Analyse du contexte politique
Pour le politologue Marco Teixeira, la résistance au nom de Messias ne représente pas nécessairement un rejet de celui-ci, mais plutôt une réaction au contexte politique de la nomination. « Le rejet ne porte pas sur le nom du Messie. Il sert de prétexte pour accentuer la crise de gouvernabilité dans la relation exécutif-législatif », estime Teixeira.
Selon lui, la conduite du processus par le gouvernement, sans tenir compte de la pression exercée pour la nomination de Pacheco et du mécontentement d’Alcolumbre, a aggravé un environnement déjà tendu. Teixeira interprète les récents mouvements d’Alcolumbre, comme la discussion de sujets jugés défavorables à l’Exécutif, comme une indication de la volonté du Sénat de prendre position. « Si le gouvernement est vaincu, ce sera un embarras général », a-t-il estimé.
Davi Alcolumbre a publiquement critiqué certains secteurs du gouvernement, accusant l’Exécutif de tenter de résoudre les crises entre puissances par des « ajustements physiologiques ». Initialement, l’audience de Messias était programmée rapidement pour le 10 décembre, un geste lu par Planalto dans le cadre de l’affrontement.

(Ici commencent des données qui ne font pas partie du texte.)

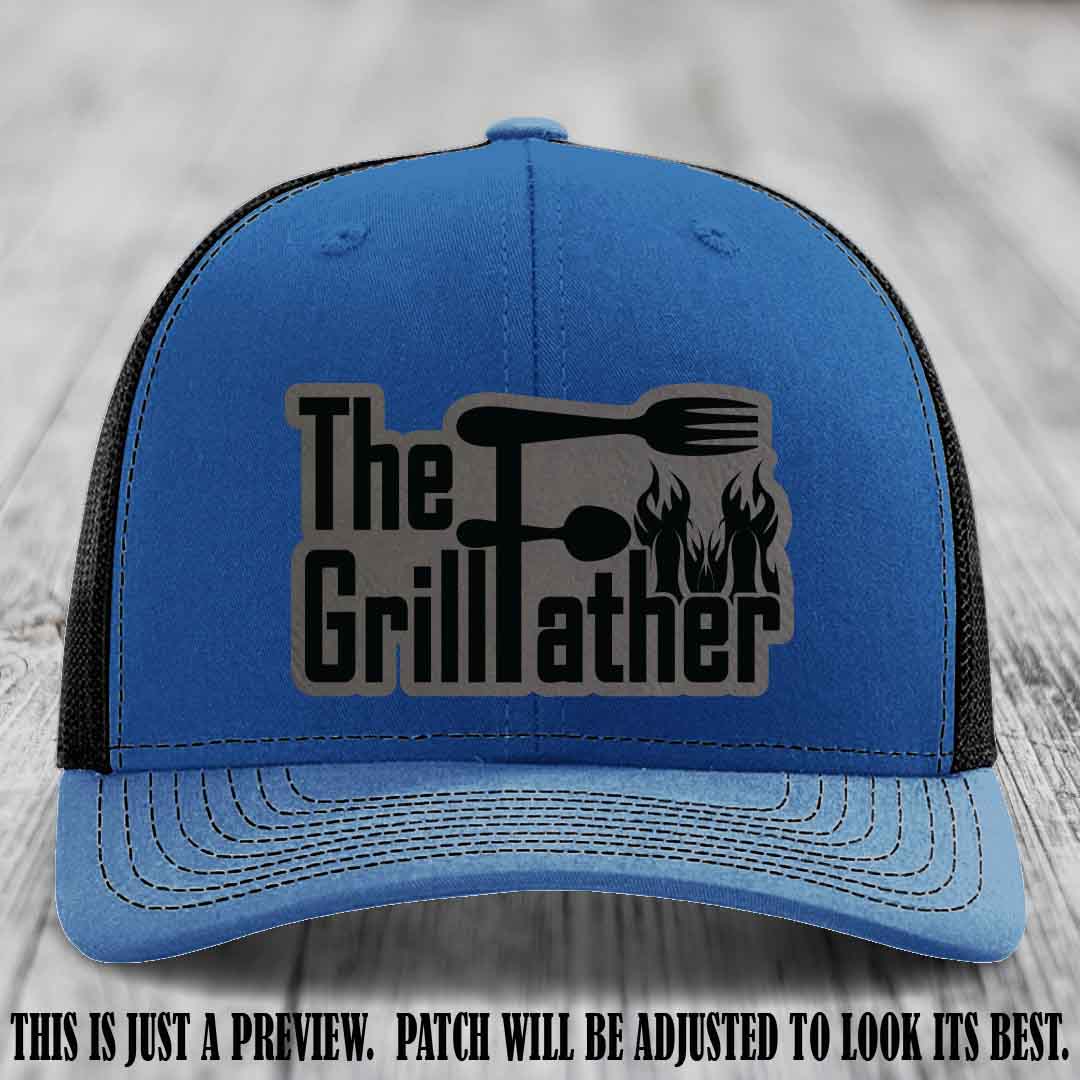 Richardson 112 Leather Patch Hat - The GrillFather Design - Grey to Black Patch on Royal to Black Hat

Le gouvernement estime que le délai serré réduit la marge de négociation. D’un autre côté, Lula a tenté de gagner du temps en reportant l’envoi du message officiel de nomination au Sénat. Alcolumbre a ensuite reporté la date de l’audience en raison du manque d’officialisation.
Résistance du banc évangélique
La candidature se heurte également à une opposition organisée de la part du Front parlementaire évangélique du Sénat. Le sénateur Carlos Viana (Podemos-MG), qui préside le front, a déclaré lundi 1er décembre que la majorité de ses 17 membres n’étaient pas d’accord pour rencontrer Jorge Messias, même après la demande du candidat.
Viana a rapporté avoir consulté les membres et constaté que la plupart ne veulent pas de dialogue. « Je doute fort qu’une réunion qui pourrait avoir lieu change la décision de vote de chacun des sénateurs », a-t-il déclaré à CNN.
Le sénateur a également associé la résistance à une « méfiance des parlementaires quant à l’équilibre des pouvoirs », citant le rôle de l’AGU dans l’analyse des amendements parlementaires et le contrôle de la question par le STF comme facteurs de tension. Avec information : Communion.